Australian marketing’s top tech:
- Social Media Engagement
- Email Marketing Platforms
- Marketing Automation
- Data Management
“Good technology, well implemented, will help evolve the online relationship from a merely transactional interaction to a potentially valuable and engaging way to reinforce the promise of the brand, according to our interviewees,” the report said.
Despite the affinity for marketing technology, there is a clear division on access. According to the research, 40 per cent of marketers said their current martech stack was not suitable to complete their required job. Conversely, 57 per cent said they had the technology to do their job effectively.
The person responsible for signing off on new marketing technology? Not the CMO or the CIO. It’s the CEO, according to the research.
“In 60.6 per cent of cases, the CEO or Managing Director is the final arbiter for marketing technology spending. The CMO is a long way back in second, at 16 per cent, with IT third at 11.5 per cent.”
Even for those with the technology, it’s not perfect.
“Marketing leaders said there were still clear gaps in the technology stack that would hinder creating truly joined-up experiences until they were solved,” the authors wrote.
For example, identifying customers still remains a significant problem and disconnect between adtech and martech.
“CMOs flagged the fact that the advertising technology that serves their display and search advertising remains anonymised, whereas the great virtue of their marketing technology is that it is able to identify a customer,” the authors wrote.
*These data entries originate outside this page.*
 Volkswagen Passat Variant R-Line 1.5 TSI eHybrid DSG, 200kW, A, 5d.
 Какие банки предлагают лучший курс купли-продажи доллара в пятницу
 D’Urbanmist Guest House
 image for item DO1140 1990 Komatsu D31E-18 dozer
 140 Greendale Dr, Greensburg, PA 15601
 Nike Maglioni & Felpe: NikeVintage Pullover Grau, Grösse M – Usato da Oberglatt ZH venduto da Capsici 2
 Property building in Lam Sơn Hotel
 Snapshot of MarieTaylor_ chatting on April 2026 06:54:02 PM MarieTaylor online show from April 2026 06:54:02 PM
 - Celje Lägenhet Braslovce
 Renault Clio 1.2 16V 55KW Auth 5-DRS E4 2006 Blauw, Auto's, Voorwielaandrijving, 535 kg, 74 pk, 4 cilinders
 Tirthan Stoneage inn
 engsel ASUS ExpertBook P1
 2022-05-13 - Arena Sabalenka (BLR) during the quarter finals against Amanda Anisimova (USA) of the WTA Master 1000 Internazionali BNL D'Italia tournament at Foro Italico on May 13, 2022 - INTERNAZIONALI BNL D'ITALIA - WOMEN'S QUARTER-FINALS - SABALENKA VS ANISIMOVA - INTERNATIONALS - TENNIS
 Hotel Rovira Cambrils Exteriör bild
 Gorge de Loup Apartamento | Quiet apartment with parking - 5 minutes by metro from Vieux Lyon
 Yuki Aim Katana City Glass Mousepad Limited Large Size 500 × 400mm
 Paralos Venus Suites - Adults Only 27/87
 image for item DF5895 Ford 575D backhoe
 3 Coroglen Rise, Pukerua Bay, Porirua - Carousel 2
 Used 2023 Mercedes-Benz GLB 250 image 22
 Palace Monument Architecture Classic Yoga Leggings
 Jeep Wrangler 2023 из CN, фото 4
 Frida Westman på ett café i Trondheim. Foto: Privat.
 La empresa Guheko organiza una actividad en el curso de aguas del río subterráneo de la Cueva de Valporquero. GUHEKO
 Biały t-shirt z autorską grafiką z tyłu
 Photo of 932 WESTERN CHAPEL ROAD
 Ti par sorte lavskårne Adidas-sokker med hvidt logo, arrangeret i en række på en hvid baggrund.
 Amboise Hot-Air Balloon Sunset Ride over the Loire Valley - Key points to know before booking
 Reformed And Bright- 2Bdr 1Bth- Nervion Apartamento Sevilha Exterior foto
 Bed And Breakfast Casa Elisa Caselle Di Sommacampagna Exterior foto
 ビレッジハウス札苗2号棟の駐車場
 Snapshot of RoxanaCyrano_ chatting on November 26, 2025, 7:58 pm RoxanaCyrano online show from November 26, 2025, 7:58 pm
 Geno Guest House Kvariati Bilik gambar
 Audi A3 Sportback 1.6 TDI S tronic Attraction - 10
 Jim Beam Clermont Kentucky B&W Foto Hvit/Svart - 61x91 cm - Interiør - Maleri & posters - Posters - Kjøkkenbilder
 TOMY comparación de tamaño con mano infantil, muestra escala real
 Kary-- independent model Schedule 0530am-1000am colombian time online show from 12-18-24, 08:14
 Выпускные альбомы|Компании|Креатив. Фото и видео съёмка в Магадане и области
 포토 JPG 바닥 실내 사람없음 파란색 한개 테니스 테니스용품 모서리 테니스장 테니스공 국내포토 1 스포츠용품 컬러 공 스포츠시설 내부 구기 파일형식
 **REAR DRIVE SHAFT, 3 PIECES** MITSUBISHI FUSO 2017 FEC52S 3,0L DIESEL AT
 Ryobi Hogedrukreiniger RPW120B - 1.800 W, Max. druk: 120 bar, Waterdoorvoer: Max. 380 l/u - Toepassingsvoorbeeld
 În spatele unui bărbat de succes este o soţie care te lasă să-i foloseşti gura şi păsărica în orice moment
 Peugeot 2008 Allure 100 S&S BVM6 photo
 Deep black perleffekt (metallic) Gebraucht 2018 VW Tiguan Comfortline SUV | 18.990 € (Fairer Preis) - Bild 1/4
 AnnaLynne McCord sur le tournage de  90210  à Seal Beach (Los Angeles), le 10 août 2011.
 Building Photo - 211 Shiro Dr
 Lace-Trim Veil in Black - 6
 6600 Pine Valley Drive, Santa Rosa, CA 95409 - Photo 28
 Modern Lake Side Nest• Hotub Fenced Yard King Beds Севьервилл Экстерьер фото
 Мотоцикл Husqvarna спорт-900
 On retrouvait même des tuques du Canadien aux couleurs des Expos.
“This is what marketers refer to as the gap between probabilistic identification and deterministic identification. Or, put more simply, the difference between ‘it’s probably you’ and ‘it’s definitely you’.”
There’s also the issue of marrying online and offline data. According to one senior marketer from the grocery sector quoted in the report, online data provides only a “broad extrapolation” for informing customer behaviour. There are also still “massive blind spots in the attribution landscape at the moment,” he said.
A dearth of analytical talent is affecting marketers too, according to the whitepaper. While there is no shortage of data or technological solutions, the same can’t be said of the talent required to leverage analytics.